All dictatorships like to talk about a “special path” and their uniqueness, but in reality, the principle of their operation is extremely simple. The goal of any dictator is to destroy horizontal connections and trust between people, because any informal association can pose a potential threat. Trust is the infrastructure of self-organization. People who trust each other can unite without permission, coordinate without bosses, and act together in critical moments.
That’s why every dictatorship inevitably sows suspicion. A neighbor writes anonymous tips, a colleague is a potential threat, initiative is punished, stay quiet and don’t stand out, be like everyone else, do you really need more than anyone else? There’s suspicion that you, dear friend, are a snitch. In the short term, this works: people atomize, and fear replaces solidarity.
But then a huge “tax on distrust” kicks in, paid by everyone. Watchmen, inspectors, controllers, notaries, law enforcement, audits, reporting, passes, stamps, certificates, and endless checks appear. This “watchman syndrome” is incredibly costly for society. You have to pay salaries to those who watch and those who watch the watchers, build surveillance systems, punish violators, investigate minor deceptions. The dictatorship spends resources not on development, but on constantly confirming loyalty and control. Tremendous effort goes into overcoming system friction. Some deals simply do not happen because the transaction costs exceed the benefits.
Distrust kills complex projects. Large undertakings require faith that others will do their part, even if you can’t monitor them every second. Under total control, people stop taking responsibility, stop taking risks, stop proposing anything new. A culture of “doing the minimum to avoid punishment” emerges.

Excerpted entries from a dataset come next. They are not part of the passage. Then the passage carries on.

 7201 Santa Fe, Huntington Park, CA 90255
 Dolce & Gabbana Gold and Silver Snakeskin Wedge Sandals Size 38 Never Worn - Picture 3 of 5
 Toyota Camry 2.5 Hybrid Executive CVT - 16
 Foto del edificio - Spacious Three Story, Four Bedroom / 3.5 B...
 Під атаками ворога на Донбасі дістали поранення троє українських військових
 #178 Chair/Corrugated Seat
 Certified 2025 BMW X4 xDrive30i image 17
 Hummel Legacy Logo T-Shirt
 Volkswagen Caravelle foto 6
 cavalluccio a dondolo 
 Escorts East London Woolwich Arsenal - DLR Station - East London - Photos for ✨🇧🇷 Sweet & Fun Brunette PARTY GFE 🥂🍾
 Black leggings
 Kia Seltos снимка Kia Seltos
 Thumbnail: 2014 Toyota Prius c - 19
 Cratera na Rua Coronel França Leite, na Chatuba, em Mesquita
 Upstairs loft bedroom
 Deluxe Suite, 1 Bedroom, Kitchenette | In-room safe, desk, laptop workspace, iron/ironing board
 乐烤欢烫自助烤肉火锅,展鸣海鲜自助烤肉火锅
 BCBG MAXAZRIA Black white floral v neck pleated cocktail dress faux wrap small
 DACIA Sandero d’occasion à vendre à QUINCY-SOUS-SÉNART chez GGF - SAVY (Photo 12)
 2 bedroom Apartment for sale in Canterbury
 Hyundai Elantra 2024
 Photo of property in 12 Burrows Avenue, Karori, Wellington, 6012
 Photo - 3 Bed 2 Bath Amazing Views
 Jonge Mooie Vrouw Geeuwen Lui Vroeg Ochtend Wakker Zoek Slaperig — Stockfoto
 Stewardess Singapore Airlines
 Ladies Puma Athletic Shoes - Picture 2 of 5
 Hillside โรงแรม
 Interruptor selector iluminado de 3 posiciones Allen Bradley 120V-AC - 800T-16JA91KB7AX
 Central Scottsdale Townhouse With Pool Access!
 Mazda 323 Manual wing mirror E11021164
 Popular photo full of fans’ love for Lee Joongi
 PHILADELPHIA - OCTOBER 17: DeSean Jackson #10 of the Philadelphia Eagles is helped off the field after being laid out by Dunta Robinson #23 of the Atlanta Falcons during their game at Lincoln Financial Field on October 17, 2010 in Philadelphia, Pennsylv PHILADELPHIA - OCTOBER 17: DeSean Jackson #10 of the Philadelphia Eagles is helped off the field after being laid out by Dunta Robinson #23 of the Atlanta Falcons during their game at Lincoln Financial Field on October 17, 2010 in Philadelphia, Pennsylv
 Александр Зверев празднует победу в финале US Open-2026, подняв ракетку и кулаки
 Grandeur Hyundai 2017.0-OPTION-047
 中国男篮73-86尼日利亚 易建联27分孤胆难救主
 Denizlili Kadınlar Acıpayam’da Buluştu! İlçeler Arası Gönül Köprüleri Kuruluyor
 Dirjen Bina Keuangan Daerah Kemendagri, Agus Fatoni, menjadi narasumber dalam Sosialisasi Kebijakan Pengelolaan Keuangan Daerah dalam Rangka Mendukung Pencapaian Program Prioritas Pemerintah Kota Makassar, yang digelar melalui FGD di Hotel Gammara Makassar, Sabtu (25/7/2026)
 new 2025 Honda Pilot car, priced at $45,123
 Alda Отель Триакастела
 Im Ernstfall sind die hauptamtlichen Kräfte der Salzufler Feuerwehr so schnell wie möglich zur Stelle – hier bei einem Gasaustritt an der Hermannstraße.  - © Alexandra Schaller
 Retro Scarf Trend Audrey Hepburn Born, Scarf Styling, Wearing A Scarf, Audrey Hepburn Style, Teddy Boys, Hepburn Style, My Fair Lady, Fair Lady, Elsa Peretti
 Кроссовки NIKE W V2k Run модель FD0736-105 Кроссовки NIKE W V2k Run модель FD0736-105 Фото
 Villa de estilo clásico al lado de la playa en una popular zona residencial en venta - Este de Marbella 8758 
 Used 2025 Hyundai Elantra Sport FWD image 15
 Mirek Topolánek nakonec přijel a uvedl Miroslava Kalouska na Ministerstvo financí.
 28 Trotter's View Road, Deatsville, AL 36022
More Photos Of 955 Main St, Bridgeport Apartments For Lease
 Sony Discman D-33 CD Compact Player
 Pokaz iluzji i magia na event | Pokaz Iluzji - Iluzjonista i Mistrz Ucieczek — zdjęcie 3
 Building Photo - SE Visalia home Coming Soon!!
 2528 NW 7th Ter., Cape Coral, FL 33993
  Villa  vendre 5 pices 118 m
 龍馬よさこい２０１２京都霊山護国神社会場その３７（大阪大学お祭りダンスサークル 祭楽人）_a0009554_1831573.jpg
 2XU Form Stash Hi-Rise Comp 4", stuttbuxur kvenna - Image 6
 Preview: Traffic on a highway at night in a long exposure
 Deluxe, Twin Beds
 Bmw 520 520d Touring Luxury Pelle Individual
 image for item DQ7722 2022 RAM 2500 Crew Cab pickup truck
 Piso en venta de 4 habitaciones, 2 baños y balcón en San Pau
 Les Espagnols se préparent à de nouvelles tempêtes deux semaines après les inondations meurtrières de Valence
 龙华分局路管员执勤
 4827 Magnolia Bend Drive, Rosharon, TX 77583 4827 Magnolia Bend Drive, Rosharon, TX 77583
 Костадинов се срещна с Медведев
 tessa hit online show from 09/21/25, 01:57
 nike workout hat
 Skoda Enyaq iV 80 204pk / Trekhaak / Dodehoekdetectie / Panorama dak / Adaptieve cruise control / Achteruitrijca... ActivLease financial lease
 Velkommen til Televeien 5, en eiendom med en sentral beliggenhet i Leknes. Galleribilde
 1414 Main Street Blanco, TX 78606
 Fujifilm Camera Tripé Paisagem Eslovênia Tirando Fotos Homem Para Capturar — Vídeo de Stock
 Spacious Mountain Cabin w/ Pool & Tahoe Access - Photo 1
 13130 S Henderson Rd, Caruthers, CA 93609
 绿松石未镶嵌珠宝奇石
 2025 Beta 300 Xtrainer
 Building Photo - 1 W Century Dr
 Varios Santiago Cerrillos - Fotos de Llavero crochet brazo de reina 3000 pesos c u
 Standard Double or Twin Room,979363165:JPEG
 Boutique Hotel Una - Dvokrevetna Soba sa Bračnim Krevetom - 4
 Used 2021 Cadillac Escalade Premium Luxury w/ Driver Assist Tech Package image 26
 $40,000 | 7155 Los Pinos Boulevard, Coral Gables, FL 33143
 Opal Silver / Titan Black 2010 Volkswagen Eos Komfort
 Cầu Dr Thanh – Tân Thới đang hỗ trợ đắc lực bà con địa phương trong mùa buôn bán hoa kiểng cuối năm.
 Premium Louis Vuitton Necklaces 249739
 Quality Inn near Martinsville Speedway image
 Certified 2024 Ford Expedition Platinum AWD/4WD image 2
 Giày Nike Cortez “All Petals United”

Where trust is low, the market becomes shallow, poor, and primitive. People trade only with relatives, friends, or “their own.” Everything else seems dangerous. The economy shrinks to the size of a village, even if people live in a metropolis.
Fools think trust and kindness are weaknesses. Welcome to the world of pink ponies. Without a sucker, life is bad; here I cheat, and I benefit. Russians pride themselves on their ability to “hack the system” and bypass bans, not realizing that they are actually promoting a prison-like culture. And that culture spills beyond the prison gates, flooding the entire country. You die today, I die tomorrow, no one can be trusted.
But in reality, trust is a high-tech social resource. It can be destroyed quickly, but rebuilding it is very slow. And every time a society chooses distrust as the norm, it signs up for a permanent “tax” that grows every year and never pays off.
Thus, every dictatorship dooms its country to backwardness and uncompetitiveness. The dictator wins tactically but loses strategically. Society pays with poverty, stagnation, and institutional degradation. The economy can survive without oil and gold. Without trust, it quickly withers, shifting from a mode of development to a mode of survival.